PROBLEM DETAILS: A faithful, word-for-word copy of the data below is required, without pictures.

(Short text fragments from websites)
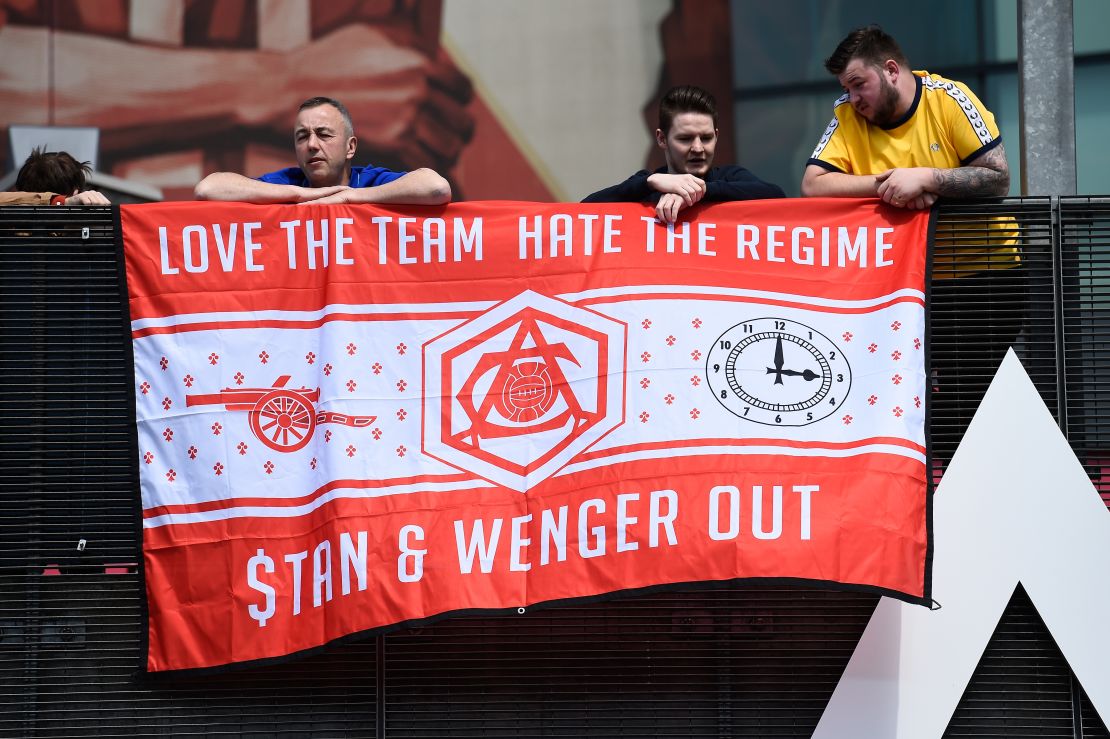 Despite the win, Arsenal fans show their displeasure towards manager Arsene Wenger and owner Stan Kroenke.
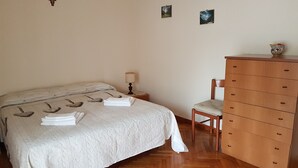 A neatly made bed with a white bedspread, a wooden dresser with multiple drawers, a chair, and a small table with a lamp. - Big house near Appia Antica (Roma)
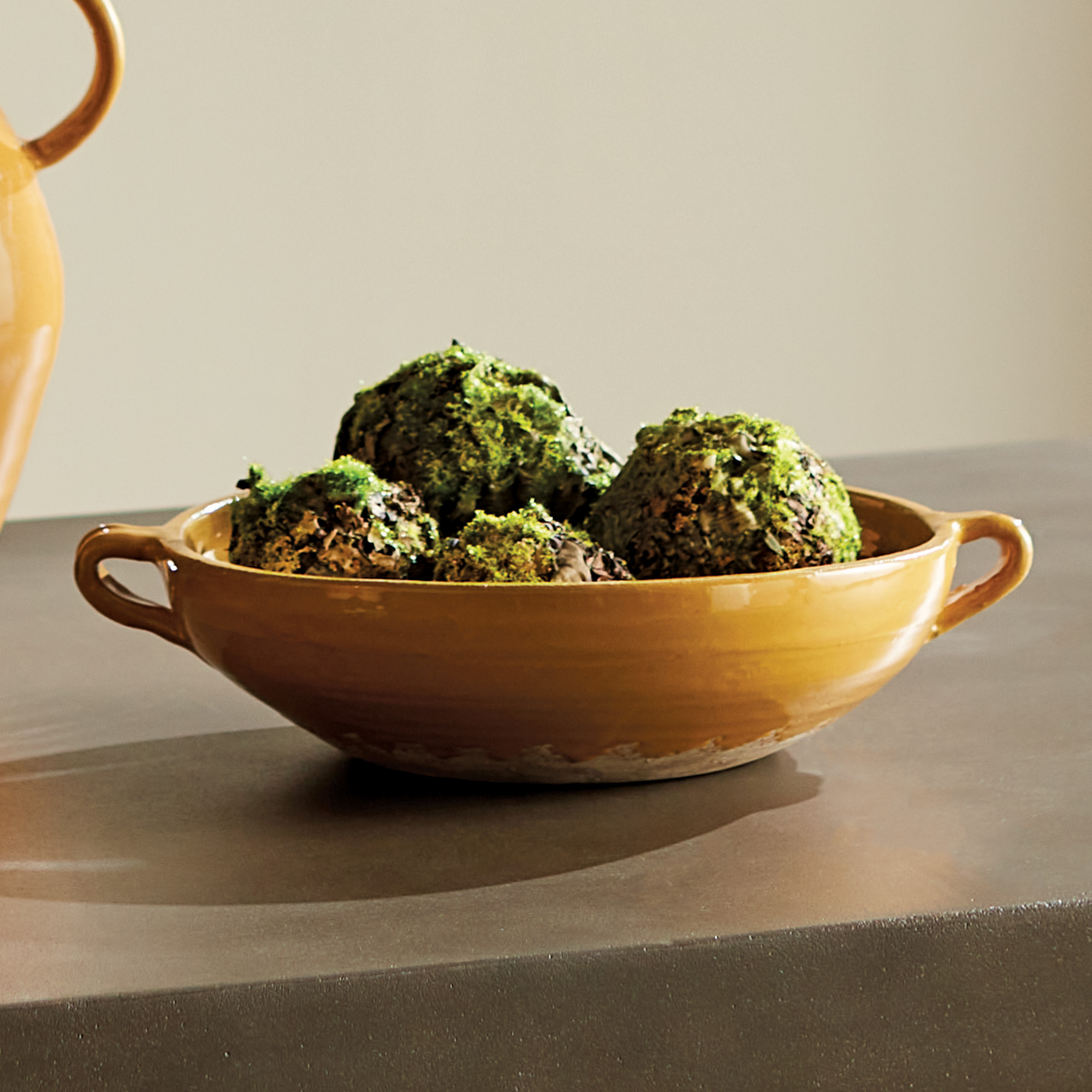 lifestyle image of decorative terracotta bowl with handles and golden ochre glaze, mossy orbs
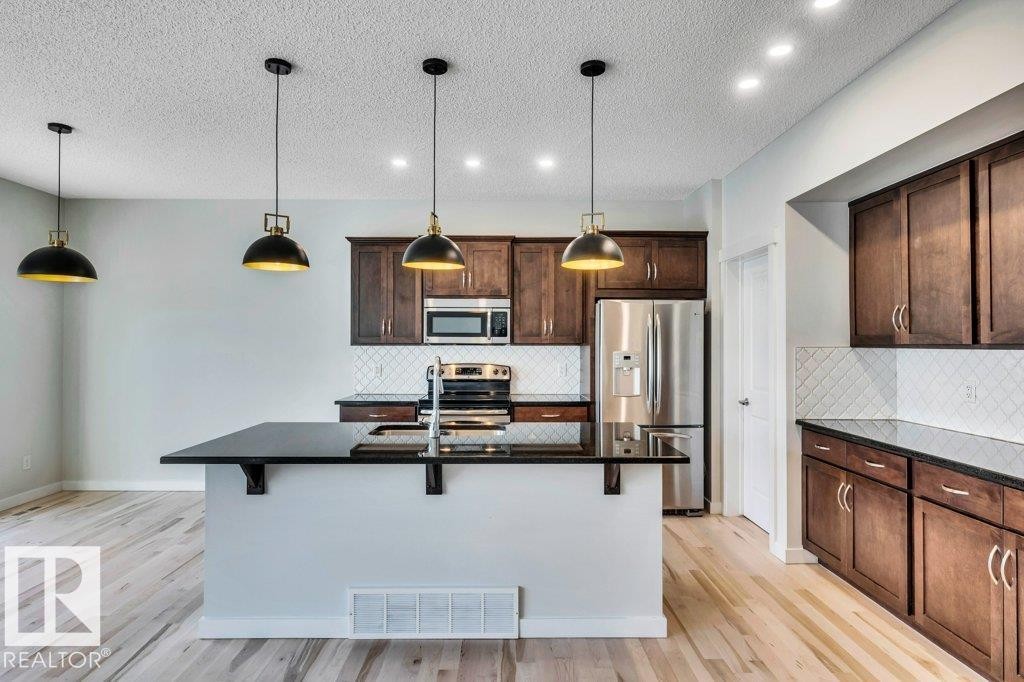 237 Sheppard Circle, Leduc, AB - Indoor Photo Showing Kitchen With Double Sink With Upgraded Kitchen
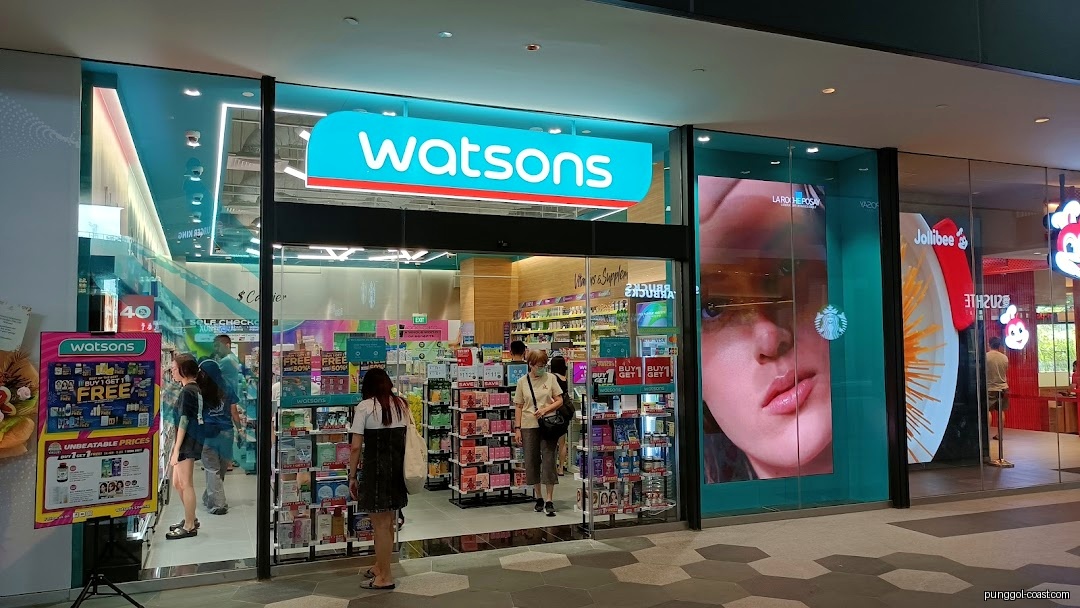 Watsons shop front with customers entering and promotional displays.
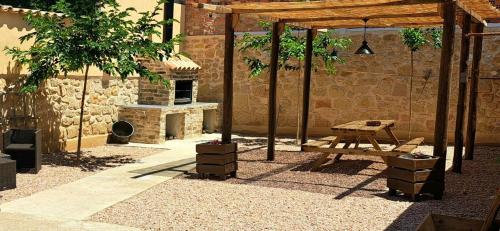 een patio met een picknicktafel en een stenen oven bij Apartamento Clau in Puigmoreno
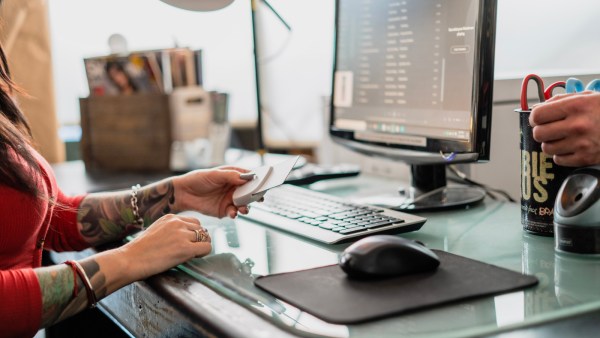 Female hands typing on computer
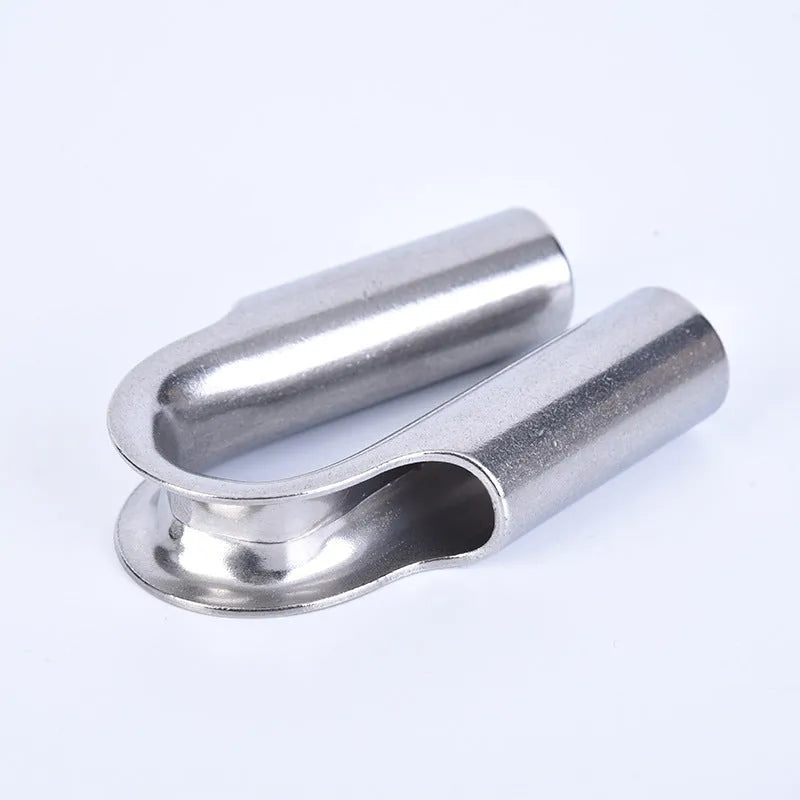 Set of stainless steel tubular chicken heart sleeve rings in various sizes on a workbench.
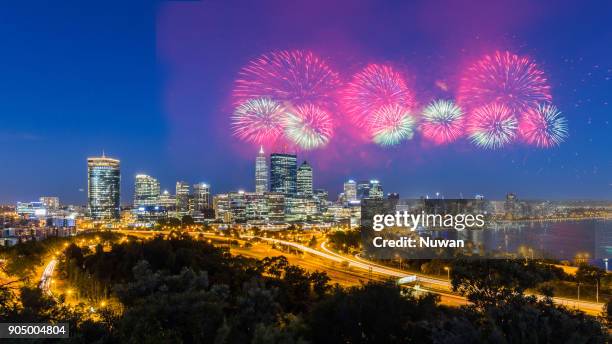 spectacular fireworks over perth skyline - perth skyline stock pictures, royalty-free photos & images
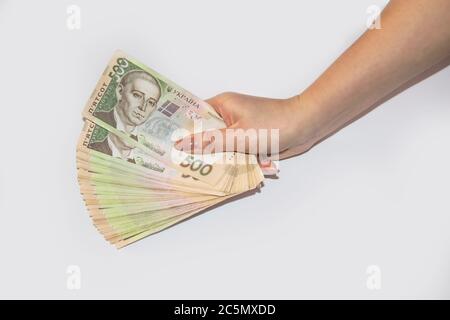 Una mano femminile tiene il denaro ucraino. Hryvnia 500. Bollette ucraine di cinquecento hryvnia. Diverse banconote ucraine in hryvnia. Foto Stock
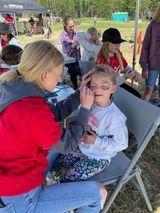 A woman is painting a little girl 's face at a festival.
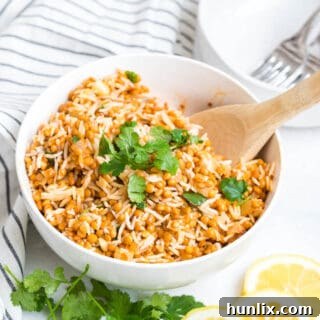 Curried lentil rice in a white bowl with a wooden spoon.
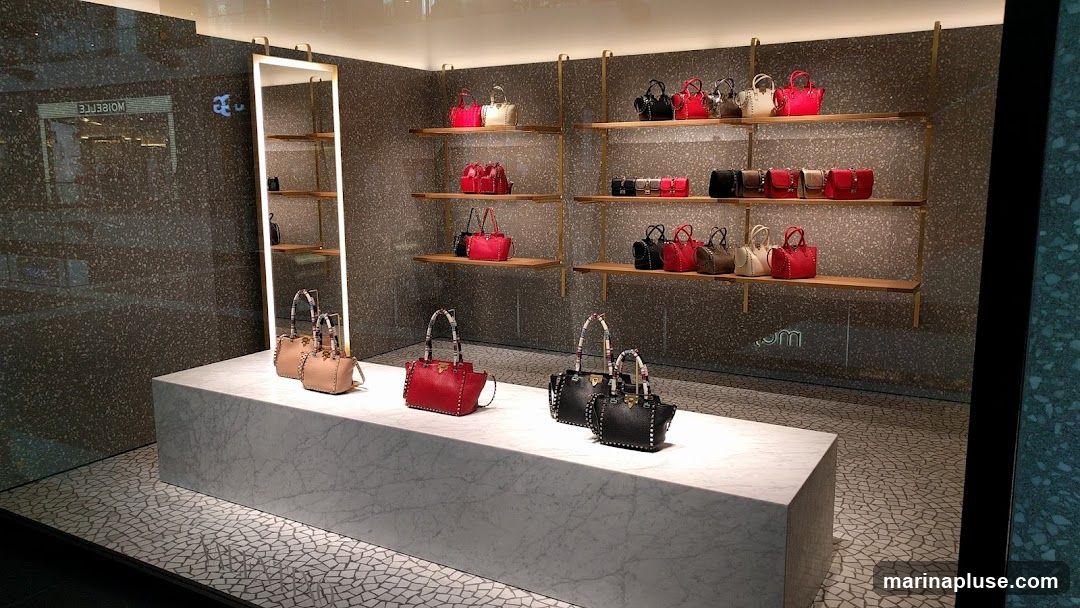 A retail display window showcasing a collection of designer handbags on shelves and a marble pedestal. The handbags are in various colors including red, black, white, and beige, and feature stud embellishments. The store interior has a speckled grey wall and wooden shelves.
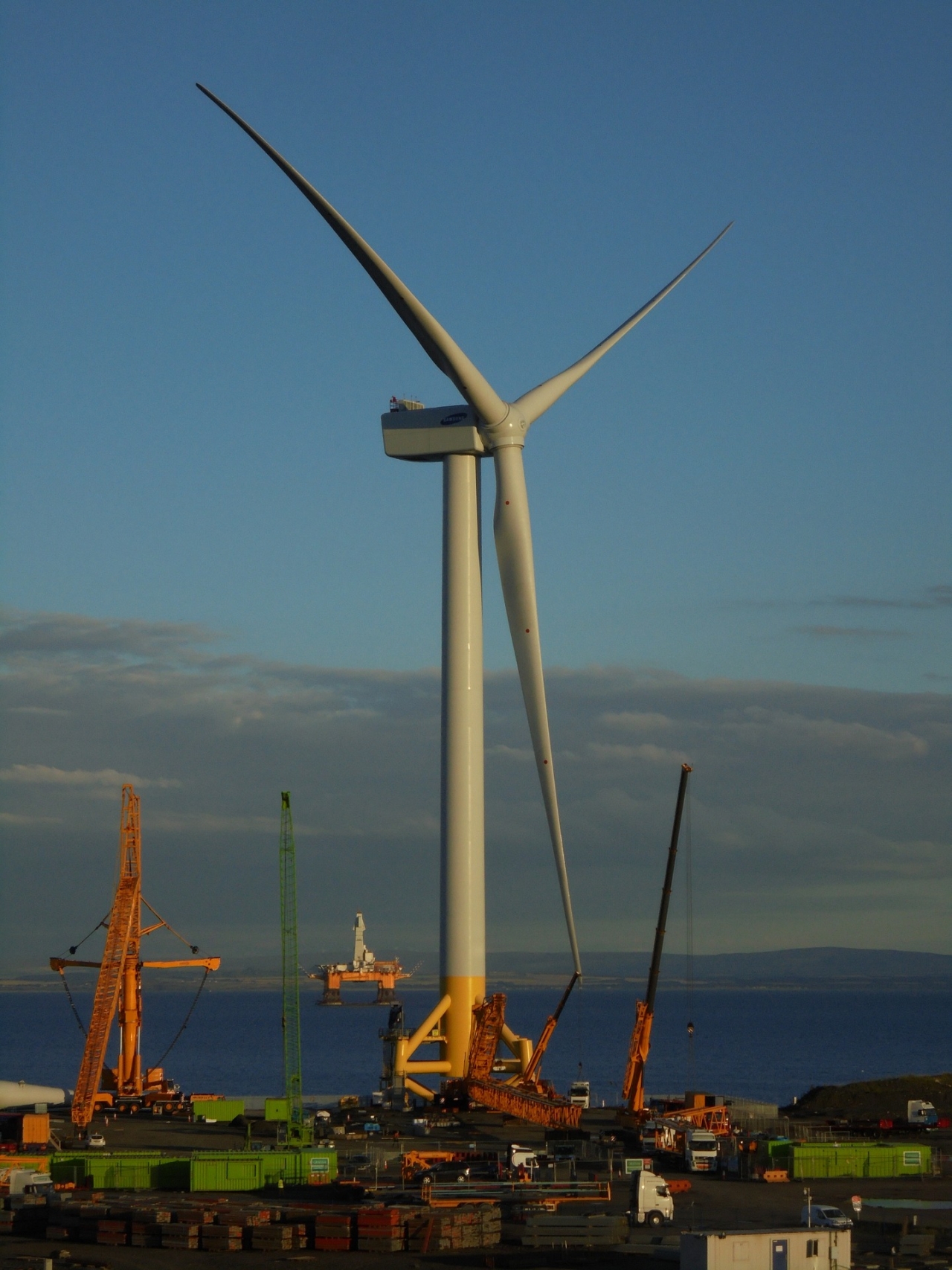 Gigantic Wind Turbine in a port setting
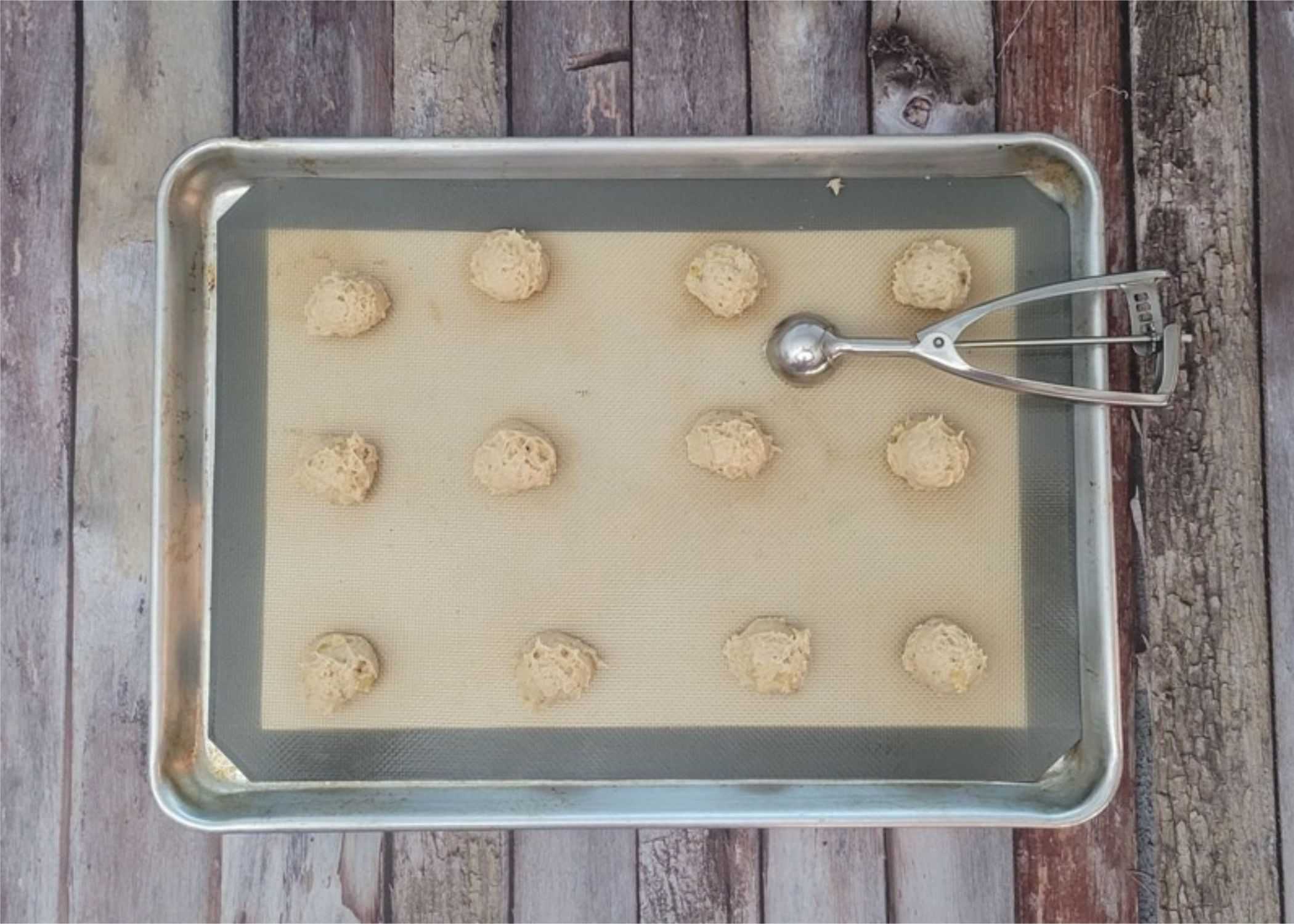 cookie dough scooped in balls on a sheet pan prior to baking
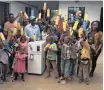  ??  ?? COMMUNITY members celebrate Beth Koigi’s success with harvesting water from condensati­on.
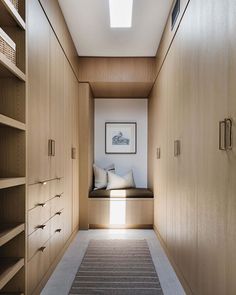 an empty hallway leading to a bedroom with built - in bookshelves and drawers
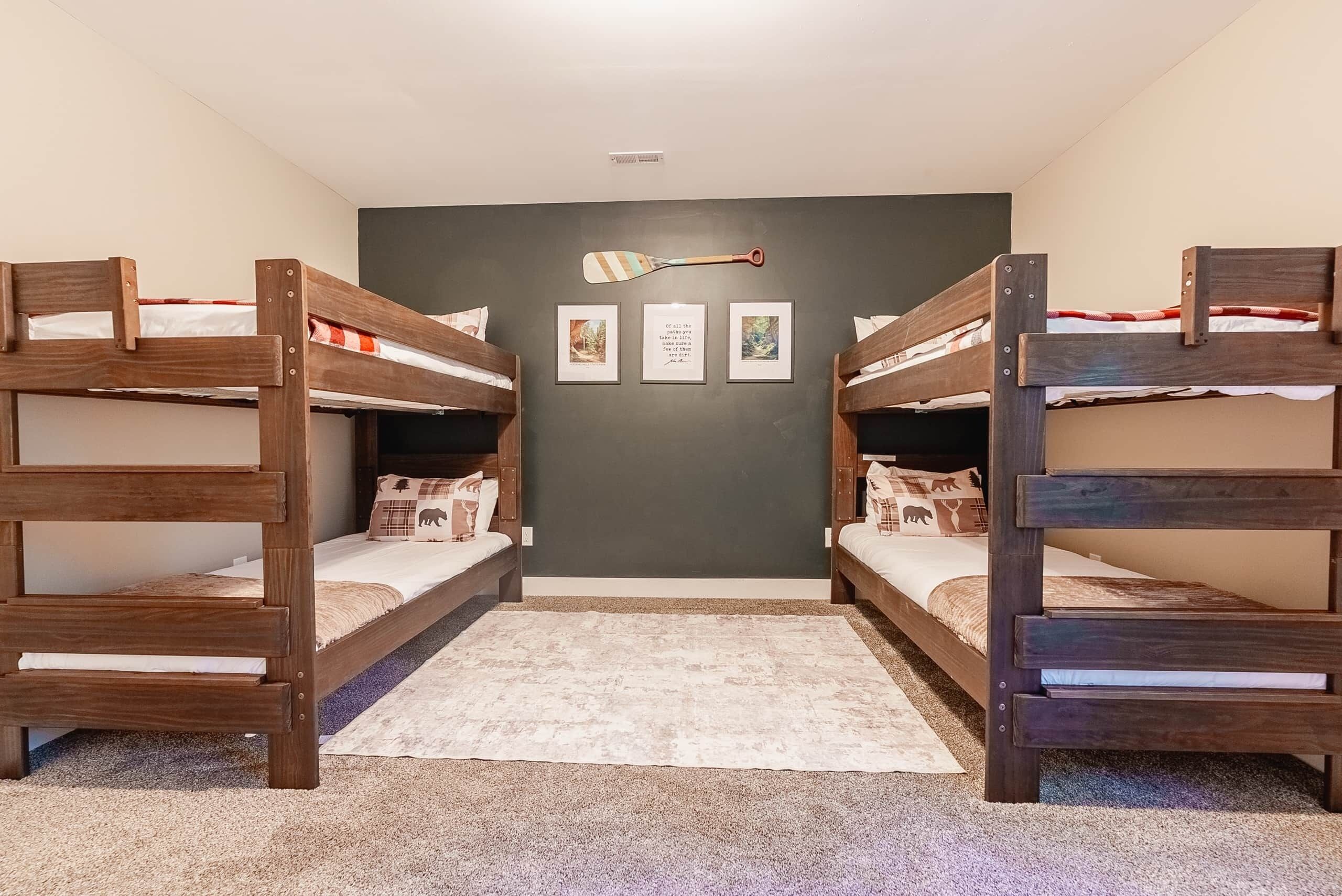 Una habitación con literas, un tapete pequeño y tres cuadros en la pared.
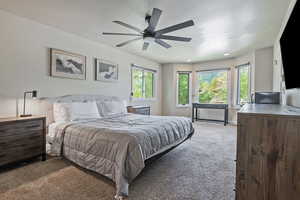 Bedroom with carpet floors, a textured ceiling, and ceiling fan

THE COMPLETED TASK:
 Despite the win, Arsenal fans show their displeasure towards manager Arsene Wenger and owner Stan Kroenke.
 A neatly made bed with a white bedspread, a wooden dresser with multiple drawers, a chair, and a small table with a lamp. - Big house near Appia Antica (Roma)
 lifestyle image of decorative terracotta bowl with handles and golden ochre glaze, mossy orbs
 237 Sheppard Circle, Leduc, AB - Indoor Photo Showing Kitchen With Double Sink With Upgraded Kitchen
 Watsons shop front with customers entering and promotional displays.
 een patio met een picknicktafel en een stenen oven bij Apartamento Clau in Puigmoreno
 Female hands typing on computer
 Set of stainless steel tubular chicken heart sleeve rings in various sizes on a workbench.
 spectacular fireworks over perth skyline - perth skyline stock pictures, royalty-free photos & images
 Una mano femminile tiene il denaro ucraino. Hryvnia 500. Bollette ucraine di cinquecento hryvnia. Diverse banconote ucraine in hryvnia. Foto Stock
 A woman is painting a little girl 's face at a festival.
 Curried lentil rice in a white bowl with a wooden spoon.
 A retail display window showcasing a collection of designer handbags on shelves and a marble pedestal. The handbags are in various colors including red, black, white, and beige, and feature stud embellishments. The store interior has a speckled grey wall and wooden shelves.
 Gigantic Wind Turbine in a port setting
 cookie dough scooped in balls on a sheet pan prior to baking
  ??  ?? COMMUNITY members celebrate Beth Koigi’s success with harvesting water from condensati­on.
 an empty hallway leading to a bedroom with built - in bookshelves and drawers
 Una habitación con literas, un tapete pequeño y tres cuadros en la pared.
 Bedroom with carpet floors, a textured ceiling, and ceiling fan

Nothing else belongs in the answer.